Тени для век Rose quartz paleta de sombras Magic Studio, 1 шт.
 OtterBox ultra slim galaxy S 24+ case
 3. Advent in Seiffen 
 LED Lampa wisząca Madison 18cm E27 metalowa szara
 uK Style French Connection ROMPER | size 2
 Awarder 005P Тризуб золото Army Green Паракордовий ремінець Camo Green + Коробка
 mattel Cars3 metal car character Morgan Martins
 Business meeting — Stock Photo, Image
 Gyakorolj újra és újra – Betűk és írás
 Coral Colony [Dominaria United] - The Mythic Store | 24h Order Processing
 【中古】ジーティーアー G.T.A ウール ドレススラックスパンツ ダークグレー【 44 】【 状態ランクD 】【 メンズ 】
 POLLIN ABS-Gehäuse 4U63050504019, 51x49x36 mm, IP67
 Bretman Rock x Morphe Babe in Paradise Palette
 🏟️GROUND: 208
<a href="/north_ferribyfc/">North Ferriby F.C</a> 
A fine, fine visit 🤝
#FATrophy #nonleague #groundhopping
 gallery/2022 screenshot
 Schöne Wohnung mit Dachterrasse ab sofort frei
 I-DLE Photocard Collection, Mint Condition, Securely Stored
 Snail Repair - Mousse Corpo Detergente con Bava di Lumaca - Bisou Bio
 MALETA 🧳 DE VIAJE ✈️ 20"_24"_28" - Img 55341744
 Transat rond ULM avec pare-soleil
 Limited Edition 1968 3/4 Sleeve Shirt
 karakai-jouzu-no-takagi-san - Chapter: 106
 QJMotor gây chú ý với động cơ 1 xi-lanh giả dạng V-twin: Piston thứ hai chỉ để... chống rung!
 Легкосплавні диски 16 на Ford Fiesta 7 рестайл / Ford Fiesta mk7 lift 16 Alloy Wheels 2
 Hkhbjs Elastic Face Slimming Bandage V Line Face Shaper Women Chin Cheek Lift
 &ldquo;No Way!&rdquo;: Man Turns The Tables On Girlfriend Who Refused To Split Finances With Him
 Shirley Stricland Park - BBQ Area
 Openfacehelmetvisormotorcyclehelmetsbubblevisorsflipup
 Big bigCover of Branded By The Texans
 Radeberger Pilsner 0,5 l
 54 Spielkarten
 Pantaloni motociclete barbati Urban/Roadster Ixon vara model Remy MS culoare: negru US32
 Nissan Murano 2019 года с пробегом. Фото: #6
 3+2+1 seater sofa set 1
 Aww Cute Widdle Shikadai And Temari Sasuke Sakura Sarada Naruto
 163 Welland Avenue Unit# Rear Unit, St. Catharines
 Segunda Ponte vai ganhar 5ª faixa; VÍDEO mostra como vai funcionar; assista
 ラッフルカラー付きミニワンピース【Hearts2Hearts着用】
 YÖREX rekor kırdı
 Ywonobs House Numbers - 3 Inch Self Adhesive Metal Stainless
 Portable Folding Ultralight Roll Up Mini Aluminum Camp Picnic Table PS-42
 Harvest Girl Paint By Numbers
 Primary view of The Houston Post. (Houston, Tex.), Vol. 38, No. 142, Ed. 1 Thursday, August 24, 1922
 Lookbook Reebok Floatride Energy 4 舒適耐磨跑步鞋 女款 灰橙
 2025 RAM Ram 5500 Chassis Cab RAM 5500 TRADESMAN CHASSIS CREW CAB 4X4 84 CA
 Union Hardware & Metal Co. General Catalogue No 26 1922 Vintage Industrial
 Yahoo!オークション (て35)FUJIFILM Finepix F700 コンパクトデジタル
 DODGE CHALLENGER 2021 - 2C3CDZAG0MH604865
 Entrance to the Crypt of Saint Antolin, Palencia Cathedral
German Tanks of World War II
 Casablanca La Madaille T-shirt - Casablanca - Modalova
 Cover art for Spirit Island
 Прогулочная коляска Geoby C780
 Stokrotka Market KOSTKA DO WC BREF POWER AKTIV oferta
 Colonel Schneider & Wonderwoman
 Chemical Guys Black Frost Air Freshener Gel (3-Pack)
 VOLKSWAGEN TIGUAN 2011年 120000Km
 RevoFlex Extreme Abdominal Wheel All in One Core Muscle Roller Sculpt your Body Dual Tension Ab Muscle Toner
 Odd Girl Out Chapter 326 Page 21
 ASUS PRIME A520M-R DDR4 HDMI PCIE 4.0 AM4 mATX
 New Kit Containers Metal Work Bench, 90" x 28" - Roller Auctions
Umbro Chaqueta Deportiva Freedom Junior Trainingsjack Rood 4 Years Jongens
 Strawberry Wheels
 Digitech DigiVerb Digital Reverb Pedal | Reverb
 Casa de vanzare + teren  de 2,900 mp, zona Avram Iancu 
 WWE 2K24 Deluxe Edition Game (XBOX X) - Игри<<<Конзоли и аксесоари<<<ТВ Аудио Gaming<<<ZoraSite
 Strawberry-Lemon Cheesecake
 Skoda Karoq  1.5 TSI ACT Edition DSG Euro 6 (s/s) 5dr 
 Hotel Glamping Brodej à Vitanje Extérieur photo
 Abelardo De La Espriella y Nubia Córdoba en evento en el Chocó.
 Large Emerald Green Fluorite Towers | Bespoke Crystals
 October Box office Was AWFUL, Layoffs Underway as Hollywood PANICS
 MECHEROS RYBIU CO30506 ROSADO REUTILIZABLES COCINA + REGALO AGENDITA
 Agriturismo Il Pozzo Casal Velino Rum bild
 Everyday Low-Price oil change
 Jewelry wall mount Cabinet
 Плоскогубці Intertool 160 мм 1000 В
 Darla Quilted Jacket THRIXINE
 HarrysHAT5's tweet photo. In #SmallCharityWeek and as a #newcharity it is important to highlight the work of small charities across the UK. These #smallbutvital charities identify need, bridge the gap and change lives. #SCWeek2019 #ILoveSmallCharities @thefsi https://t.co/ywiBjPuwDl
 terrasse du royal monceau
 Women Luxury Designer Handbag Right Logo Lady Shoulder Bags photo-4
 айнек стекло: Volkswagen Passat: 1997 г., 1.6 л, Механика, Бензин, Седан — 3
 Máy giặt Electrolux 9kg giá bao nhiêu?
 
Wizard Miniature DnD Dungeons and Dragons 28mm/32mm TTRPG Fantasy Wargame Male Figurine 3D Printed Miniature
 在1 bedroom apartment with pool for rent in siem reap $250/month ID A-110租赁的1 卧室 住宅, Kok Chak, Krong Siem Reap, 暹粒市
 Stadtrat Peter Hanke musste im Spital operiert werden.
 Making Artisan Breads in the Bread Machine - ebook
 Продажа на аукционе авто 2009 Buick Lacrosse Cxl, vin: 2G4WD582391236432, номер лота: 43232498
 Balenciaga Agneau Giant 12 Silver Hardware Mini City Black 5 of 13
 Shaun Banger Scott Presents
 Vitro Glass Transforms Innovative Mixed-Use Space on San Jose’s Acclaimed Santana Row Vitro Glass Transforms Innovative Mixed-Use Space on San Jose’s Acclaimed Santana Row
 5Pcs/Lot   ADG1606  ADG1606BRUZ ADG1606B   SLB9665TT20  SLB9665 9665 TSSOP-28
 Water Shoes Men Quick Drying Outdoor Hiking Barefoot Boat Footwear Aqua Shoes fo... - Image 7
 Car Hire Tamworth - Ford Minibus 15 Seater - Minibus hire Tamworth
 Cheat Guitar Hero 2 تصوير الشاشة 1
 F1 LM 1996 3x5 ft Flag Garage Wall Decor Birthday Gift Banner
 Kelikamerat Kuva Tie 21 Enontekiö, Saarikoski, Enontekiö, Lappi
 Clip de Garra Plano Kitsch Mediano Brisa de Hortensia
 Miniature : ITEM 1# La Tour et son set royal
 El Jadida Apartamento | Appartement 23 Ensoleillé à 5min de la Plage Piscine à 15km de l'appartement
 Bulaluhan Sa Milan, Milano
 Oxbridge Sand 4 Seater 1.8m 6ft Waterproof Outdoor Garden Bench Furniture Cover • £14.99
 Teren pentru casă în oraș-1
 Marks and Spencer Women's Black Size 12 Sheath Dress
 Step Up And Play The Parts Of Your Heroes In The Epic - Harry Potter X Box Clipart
━━━━━━━━
→ **Work instruction**
Only lines containing the string "Wheels" are needed. Pull each of them out of the records above.

→ **Exercise answer**
 Легкосплавні диски 16 на Ford Fiesta 7 рестайл / Ford Fiesta mk7 lift 16 Alloy Wheels 2
 Strawberry Wheels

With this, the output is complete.